Raw data:
* * * * * * *
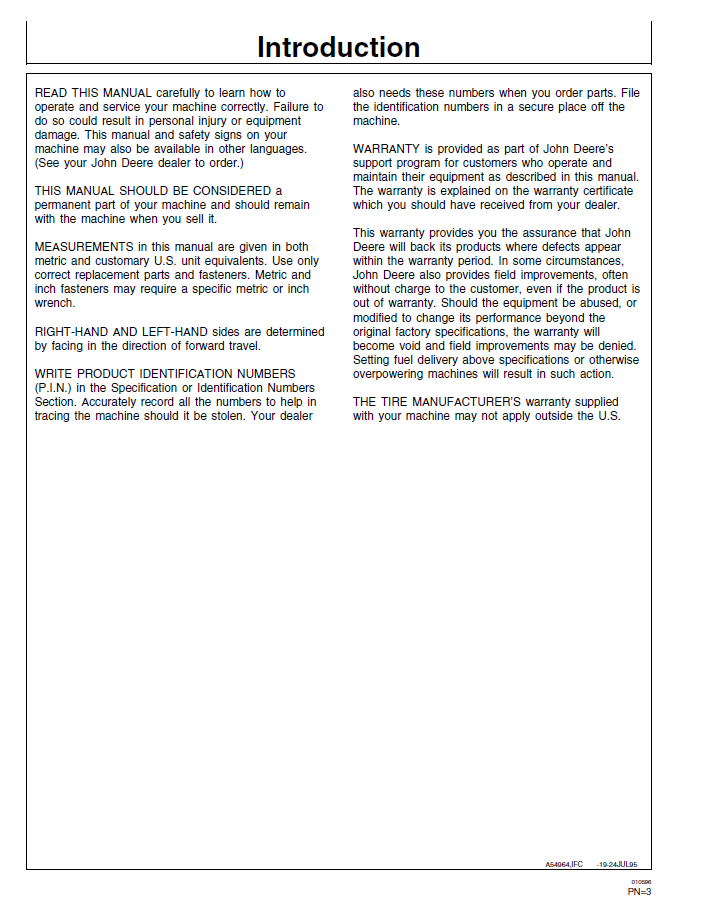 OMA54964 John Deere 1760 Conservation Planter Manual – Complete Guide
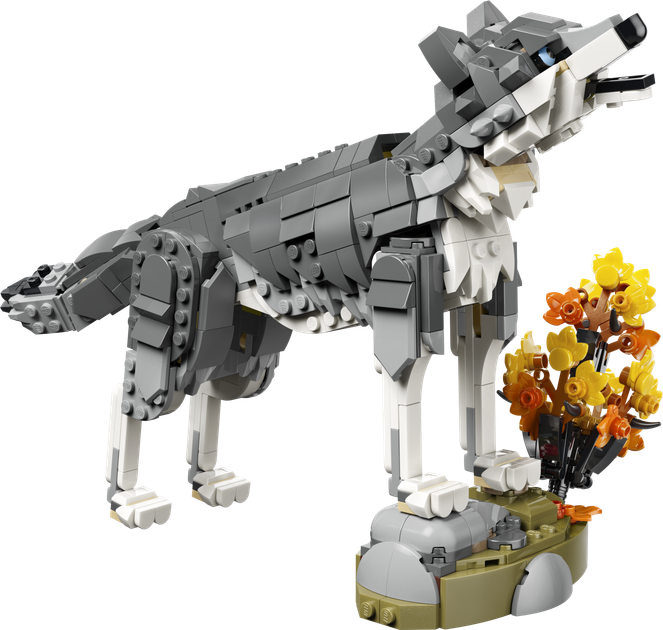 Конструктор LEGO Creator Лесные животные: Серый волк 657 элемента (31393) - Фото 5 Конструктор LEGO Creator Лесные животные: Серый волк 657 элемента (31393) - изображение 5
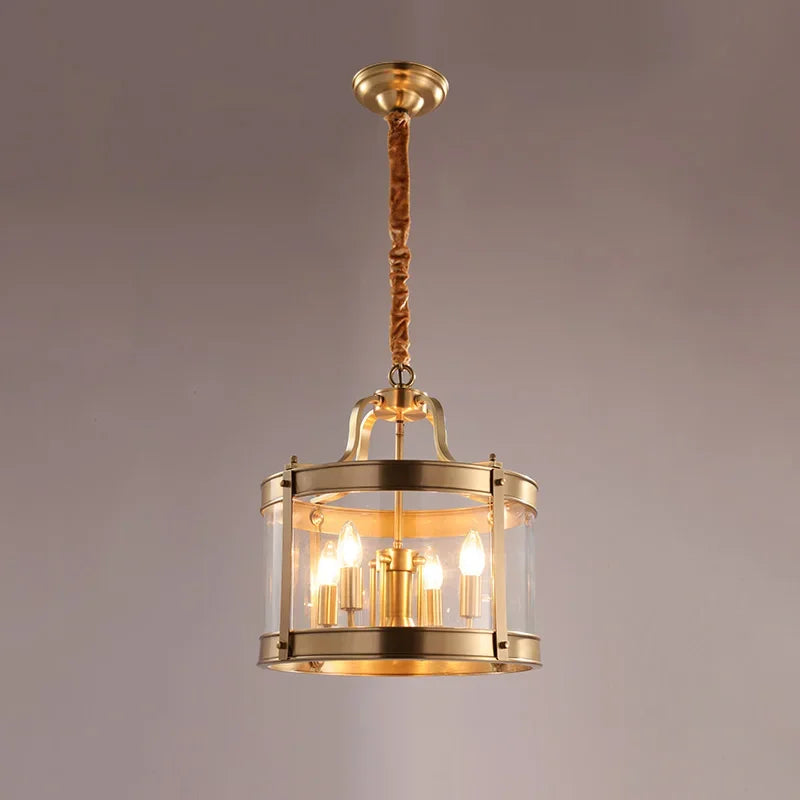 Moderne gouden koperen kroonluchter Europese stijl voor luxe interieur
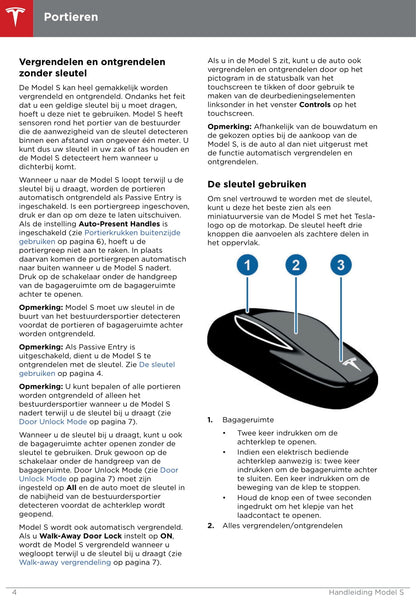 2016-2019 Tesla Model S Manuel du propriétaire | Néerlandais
* * * * * * *
Work request: Repeat the material above word for word; no images go in the copy.

Written response:
 OMA54964 John Deere 1760 Conservation Planter Manual – Complete Guide
 Конструктор LEGO Creator Лесные животные: Серый волк 657 элемента (31393) - Фото 5 Конструктор LEGO Creator Лесные животные: Серый волк 657 элемента (31393) - изображение 5
 Moderne gouden koperen kroonluchter Europese stijl voor luxe interieur
 2016-2019 Tesla Model S Manuel du propriétaire | Néerlandais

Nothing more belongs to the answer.